Public college in Fengtai, Beijing, China

Beijing Electronic Science and Technology Institute, or BEIST, is located at No. 7 Fufeng Road, Fengtai District, Beijing. It is a general institution of higher learning that trains professional and technical personnel in information security and office automation for party and government agencies. It is affiliated with the General Office of the Chinese Communist Party. The college is a major research institute of information security in China. It consists of five departments.

== History ==

=== Beijing Electronic Science and Technology Institute ===
The predecessor of Beijing Electronic Science and Technology Institute was the Youth Training Class of the Central Working Committee, which was established in Xibaipo, Pingshan County, Hebei Province in August 1947. In 1949, it was merged into the Engineering School of the People's Revolutionary Military Commission of the Central People's Government in Zhangjiakou. In June 1952, some departments were separated again and merged with the East China Military Region in Nanjing and the Third Field Army Youth Cadre School (established in March 1950) to form the Central People's Government People's Revolutionary Military Commission Confidential Cadre School (Nanjing Confidential Cadre School), which was under the jurisdiction of the Central People's Government People's Revolutionary Military Commission.Later it was changed to the Central People's Government Committee Confidential Cadre School. In December 1954, it was changed to the First Confidential School of the Chinese People's Liberation Army. In May 1955, it was changed to the First Confidential School of the State Council and was incorporated into the State Council. Later, the school moved to Beijing and was referred to as Beijing Jixue School. After that, it moved to Xuanhua, Hebei and was referred to as Xuanhua Jixue School.
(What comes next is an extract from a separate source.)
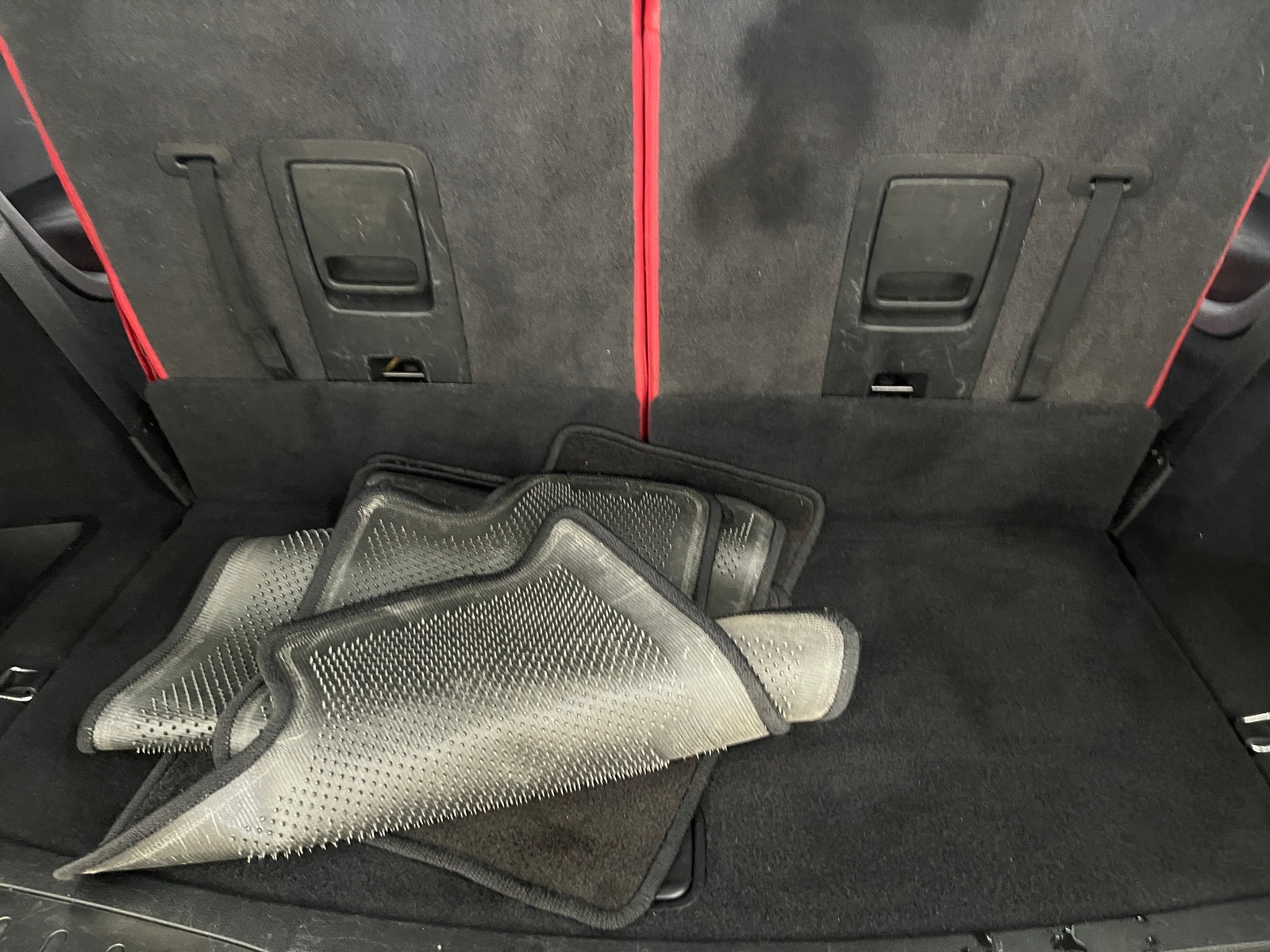 Thumbnail: 2019 Dodge Durango - 6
In 1981, with the approval of the State Council, Beijing Electronic College was established in Xiaotangshan, Beijing.In the second half of 1983, the school moved to Banbidian, Beijing, and officially began to recruit college students. In 1992, with the approval of the State Education Commission, Beijing University of Posts and Telecommunications was established on the basis of Beijing Electronic College. It began to recruit undergraduate students and added correspondence education. In 1993, the General Office of the CCP Central Committee decided to merge Zhongnanhai Amateur University into Beijing University of Electronic Science and Technology. In February 1999, the college moved to the new campus in Fengtai, located in the Fengtai Park of Zhongguancun Science Park.
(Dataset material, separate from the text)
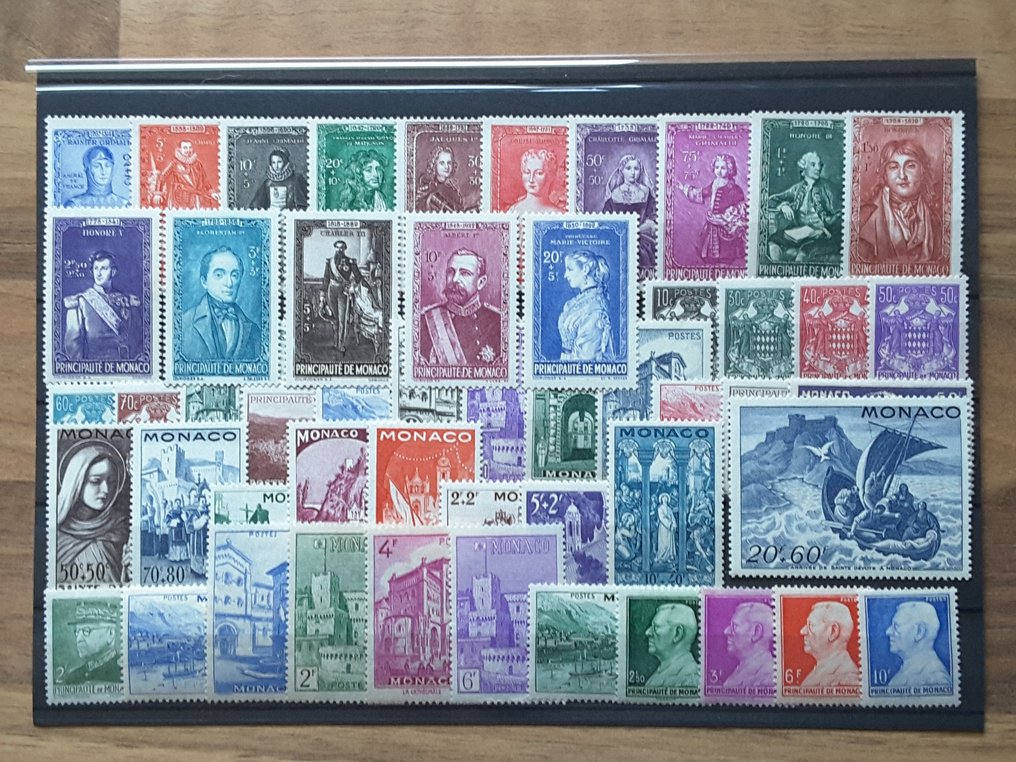 Mónaco 1942/1948 - 7 años completos de sellos con correo aéreo y hoja de recuerdo - Yvert 234 à 323 sans les timbres non émis, PA 8 à 35 et BF 2 #2.2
Since the establishment of the school, Mao Zedong, Deng Xiaoping, Jiang Zemin, Hu Jintao, Xi Jinping and other top leaders have written inscriptions. Among them, Jiang Zemin, General Secretary of the CCP Central Committee, also wrote the name of the school. Qiao Shi, Wen Jiabao, Zeng Qinghong, Wang Gang, Li Zhanshu and other party and state leaders have given instructions for the development of the school and visited the school.

=== Zhongnanhai Amateur University ===
In the spring of 1948, Mao Zedong, Chairman of the Chinese Communist Party, established the Central Government Amateur School in Xibaipo, Pingshan County, Hebei Province. The central leadership at that time made a special study on this and decided that Liu Shaoqi, one of the five secretaries of the Secretariat of the Chinese Communist Party, would serve as the principal concurrently. Liu Huo from the Propaganda and Education Section would be in charge of the specific teaching work. The courses included political theory and cultural courses such as Chinese and mathematics. There were no full-time teachers, and cadres with high cultural and theoretical levels were hired to teach.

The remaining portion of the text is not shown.